О роли руин в российской истории (Дмитрий Бавильский, The Art Newspaper Russia)

Особое отношение к развалинам привело к тому, что у нас почти не осталось исторических памятников


Великий Николай Гоголь, описывая в «Мертвых душах» разрушающееся хозяйство Плюшкина и великолепие развалин форума в «Риме», на самом деле говорил об отсутствии у русских исторического чувства. Гоголь был не единственным, кто пытался выразить ощущение пустоты и страха русского человека из-за отсутствия у него надежной исторической основы. Вот и Петр Чаадаев писал в 1829 году о «бесприютности и неукорененности российской культуры».

С памятниками древнего зодчества в России обходились без особых церемоний — традиций их восстановления, реконструкции или тем более реставрации не существовало. Лондонский профессор Андреас Шёнле приводит историю Десятинной церкви в Киеве. Одна из главных святынь русского православия, сооруженная князем Владимиром в 996 году, она начала разрушаться уже в XIII веке, во время монгольского нашествия. А к XIX веку Десятинная церковь превратилась в груду живописного хлама. В конечном счете ее снесли, несмотря на заступничество министра просвещения Сергея Уварова, считавшего, что «руины должны сохраняться и сберегаться в том состоянии, в каком были найдены», для расчистки под новый собор, спроектированный Василием Стасовым. «Красота церкви считалась не зависящей от ее древности. Пока церковное здание сохраняет свою святость, оно продолжает оставаться той же самой церковью, независимо от того, насколько радикально его перестраивали», — констатирует Шёнле.

Мстислав Добужинский. «Поцелуй». 1916. Фрагмент. Фото: Издательство «Новое литературное обозрение»
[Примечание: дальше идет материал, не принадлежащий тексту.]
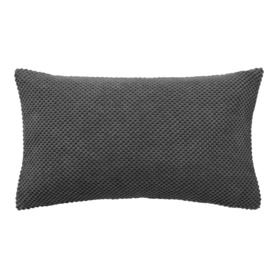 Chenille Spot Rectangular Cushion Charcoal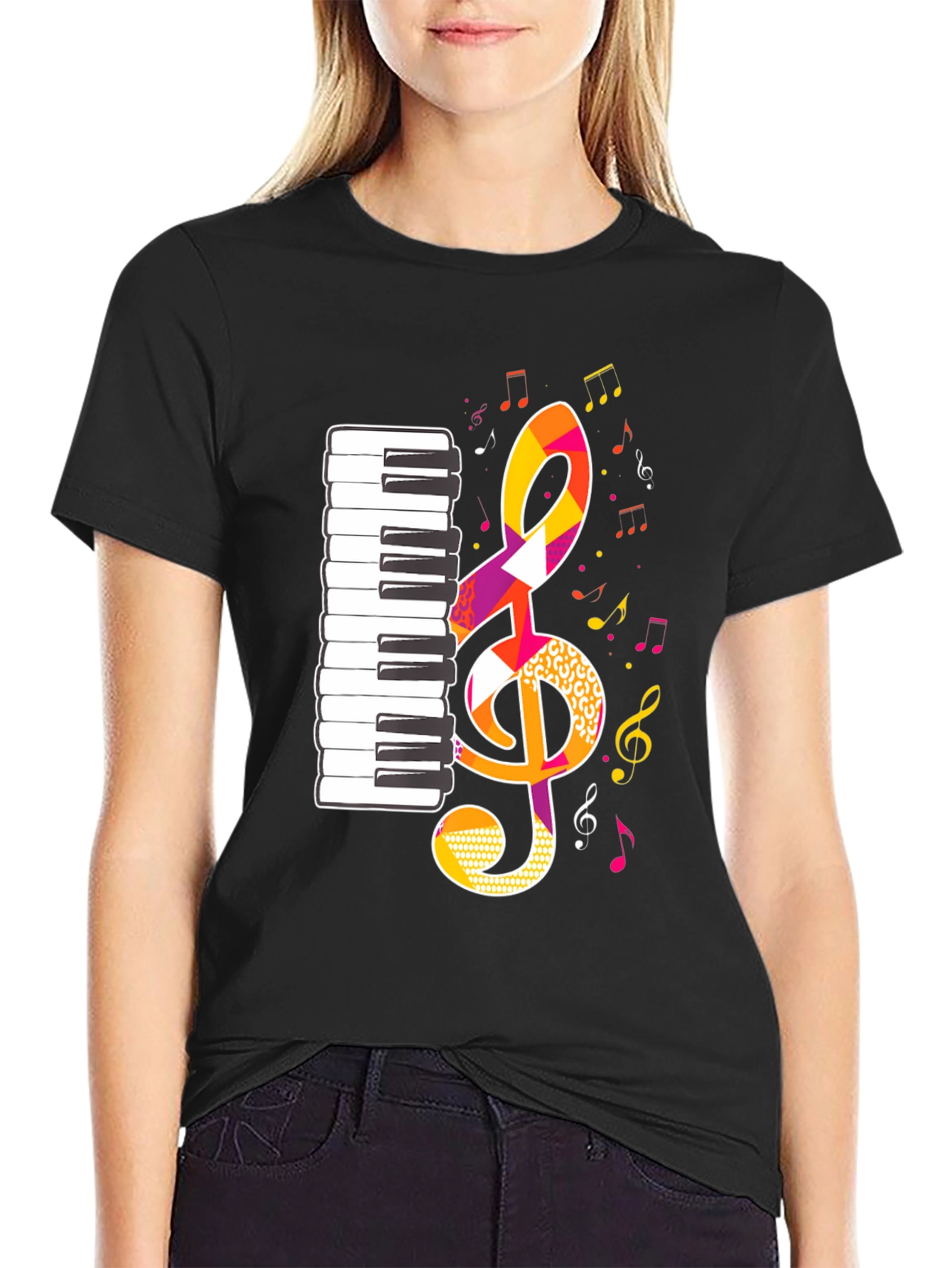 Musical Notes Graphic Tee - Black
А в главе, посвященной эстетическим и политическим моментам в романтической моде на руины, автор приводит слова из знаменитой книги маркиза Астольфа де Кюстина, заметившего, что «здесь так же невозможно определить подлинность священных камней, как и достоверность слов и документов. В каждое новое правление исторические здания преображаются заново, словно бесформенная глина, по воле государя...» Ситуация эта стала меняться в СССР лишь после Великой Отечественной, когда Ленинград восстанавливали ускоренными темпами — гораздо быстрее, чем города во Франции, Британии или Германии. «В отличие от этих стран, где была принята политика совмещения реконструкции и новых построек в зависимости от обстоятельств каждого отдельного случая, ленинградцы оставались верны принципу точной факсимильной реконструкции». Именно она, названная историком Лизой Киршенбаум «государственным принуждением к забвению», определила нынешний облик не только исторического центра Санкт-Петербурга, но и состояние дворцов-музеев в Петергофе, Царском Селе, Гатчине и Павловске.